Dada la gran superficie del Perú, y las grandes distancias entre las principales ciudades, lo más habitual para ir de una a otra es hacer viajes nocturnos, durmiendo en el autobús, para no perder un día en el trayecto. Como yo no suelo dormir bien en el transporte público y no creo que hacer un viaje de muchas horas viendo el paisaje sea perder el tiempo, busqué alguna expedición diurna. Afortunadamente había muchas compañías para elegir, lo que no sólo hizo que consiguiera un billete para la mañana siguiente, sino que lo hice a un precio muy razonable. ¡Viva la competencia!
Después de mi energético pero poco nutritivo desayuno, me tocaba compensar. Así que volví al comedor vegetariano que había frecuentado en mis días anteriores en la ciudad. Ante la gran demanda que presentaba el establecimiento, me tocó compartir la mesa con un parroquiano que resultó bastante tímido, aunque siguiendo en la línea del país, muy educado.
Aproveché que era mi jornada de asueto para hacer las típicas cosas que no hacemos en los viajes porque “no hemos tenido tiempo” o “no hemos encontrado el momento”. En este caso se trataba de enviar una postal a la hija de un amigo a la que le hace mucha ilusión recibirlas desde diversos países. Le compré una del Machu Picchu con una simpática alpaca en primer plano y fui a la oficina de correos a enviarla. Aún no le ha llegado y han pasado 3 meses. Creo que en tiempos del Virreinato, el servicio postal con la metrópoli era más eficiente que ahora.
Al pasar por un kiosco no pude evitar hacerme con algunos ejemplares de la revista Condorito. Había leído alguno en mi infancia, pero desde entonces no había podido encontrarlos en España, así que no perdí la ocasión para hacer acopio. Condorito es un personaje de cómic, de origen chileno, aunque muy popular en toda la América hispana. Se trata de chistes, normalmente de una página que, aunque en alguna ocasión no son muy políticamente correctos, son aptos para todas las edades. A mí me encantan, y es una pena que no se puedan adquirir en nuestro país.
Al llegar al albergue, vi que había tertulia en el salón y yo, ávido de contacto humano, me dejé caer. Había un estadounidense muy simpático con una caja de Cusqueñas, al que le faltó tiempo para ofrecerme una. Lo agradecí, no sólo por el gesto, sino porque aún no había tenido oportunidad de probar la cerveza local. Es curiosa la mala imagen que tienen los usenses en el mundo. Se suele tener la idea de que son prepotentes y maleducados, cuando mi experiencia me dice que suelen ser gente abierta y cordial.
Entre los contertulios había un mexicano al que propuse formar parte de mi siguiente plan.

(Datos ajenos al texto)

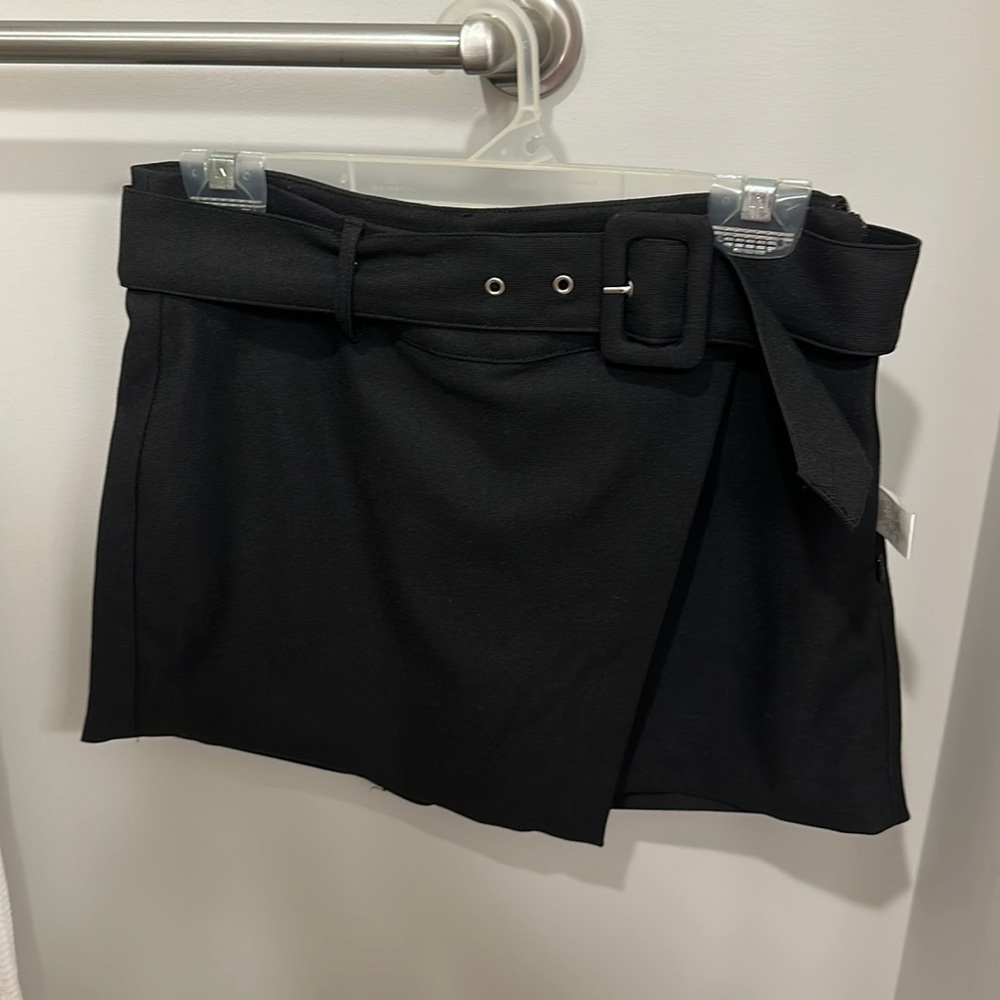 Black Sugar + Lips Skort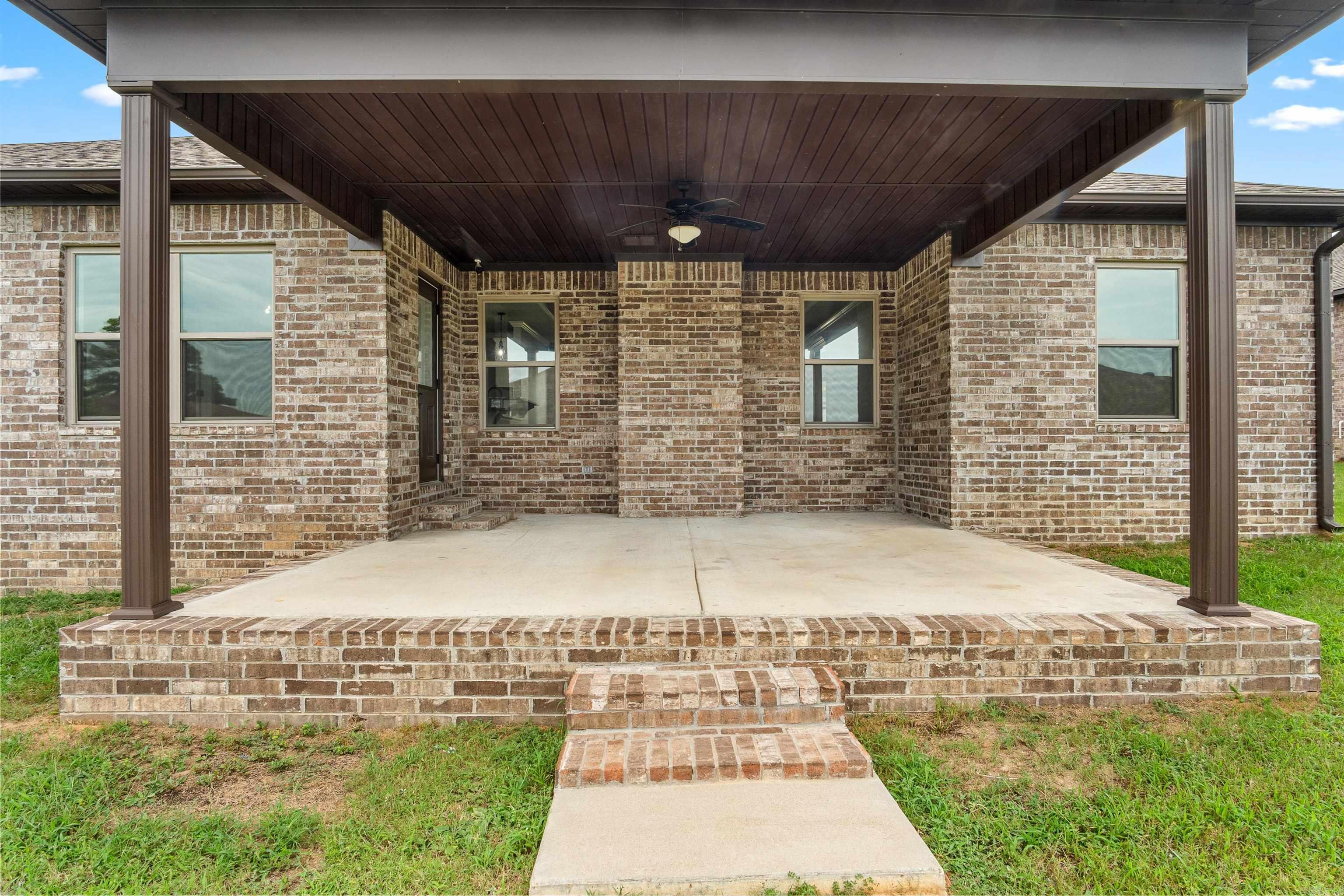 HERITAGE MEADOWS - Residential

A la hora de planificar mi viaje, para mi estancia en Cuzco había visto con buenos ojos una oferta de alojamiento en Airbnb, en el que dos chicas no sólo ofrecían una habitación, sino que prometían dar una visión local de la ciudad más allá de los típicos lugares para turistas. Y yo, como buen turista que intenta no ser turista (la cuadratura del círculo) contacté con ellas. Ante su ausencia de respuesta reservé los albergues. Una de ellas me escribió unos días después y a falta de alojamiento me sugirió un local donde hacían actuaciones culturales, recomendándome una a la que iba a acudir. Se trataba de un monólogo de un cuentacuentos colombiano. La actividad me pareció interesante y original, así que me decidí a ir, acompañado de mi nuevo colega azteca, que vio con buenos ojos la propuesta.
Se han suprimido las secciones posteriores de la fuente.